Japanese manufacturers also gained from a rebound in car output after a safety scandal led some plants to temporarily suspend production.

But manufacturing activity contracted in Indonesia, the surveys showed, underscoring the pain some of the region’s economies are facing from China’s prolonged slowdown.

“Chip-producing countries are doing fairly well, but China’s slowdown will continue to drag on Asia’s manufacturing activity for quite some time,” said chief emerging market economist at Dai-ichi Life Research Institute Toru Nishihama.

“Slowing US demand could add to the pain on Asian economies, many of which are already wary of the fallout from sluggish Chinese growth,” he said.

Japan’s final au Jibun Bank Japan manufacturing PMI rose to 49.8 in August, contracting for a second straight month but less sharply than in July when the index reached 49.1.

South Korea’s PMI stood at 51.9 in August, up from 51.4 in July, due in part to strong customer confidence and new orders in the domestic market, the private survey showed.

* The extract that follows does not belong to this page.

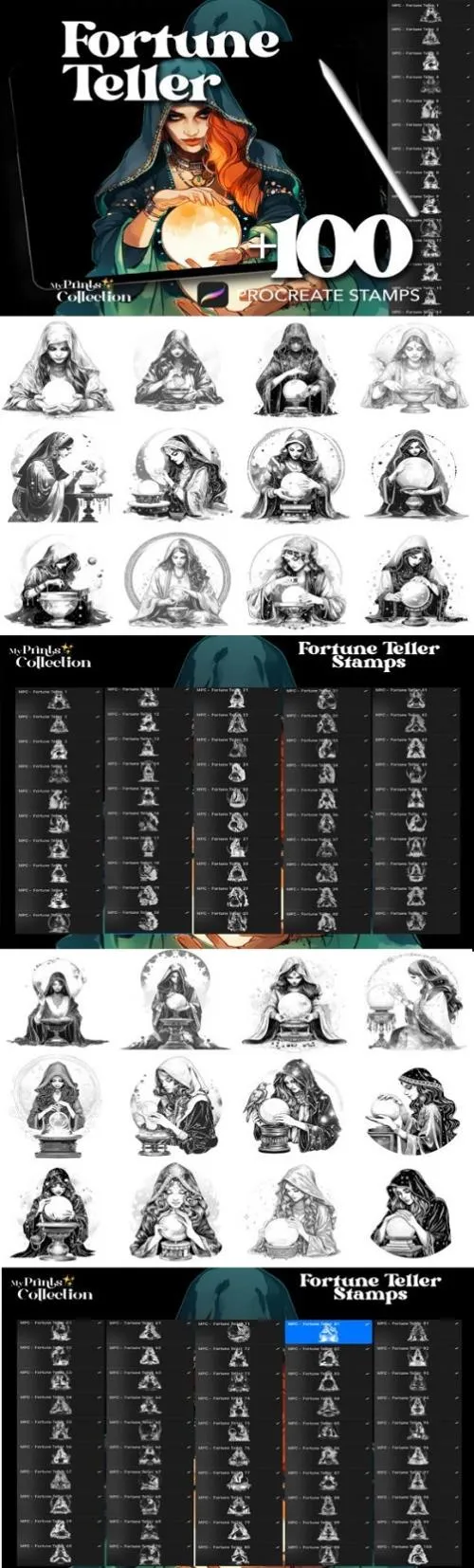 100+ Procreate Fortune Teller Stamps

Indonesia’s PMI fell to 48.9 from 49.3 in July, the surveys showed.

India’s manufacturing activity growth eased to a three-month low in August as demand softened significantly, casting another shadow over the otherwise robust economic outlook.

The International Monetary Fund anticipates a soft landing for Asia’s economies as moderating inflation creates room for central banks to ease monetary policies to support growth. It predicts growth in the region to slow from five per cent in 2023 to 4.5 per cent in 2024 and 4.3 per cent in 2025.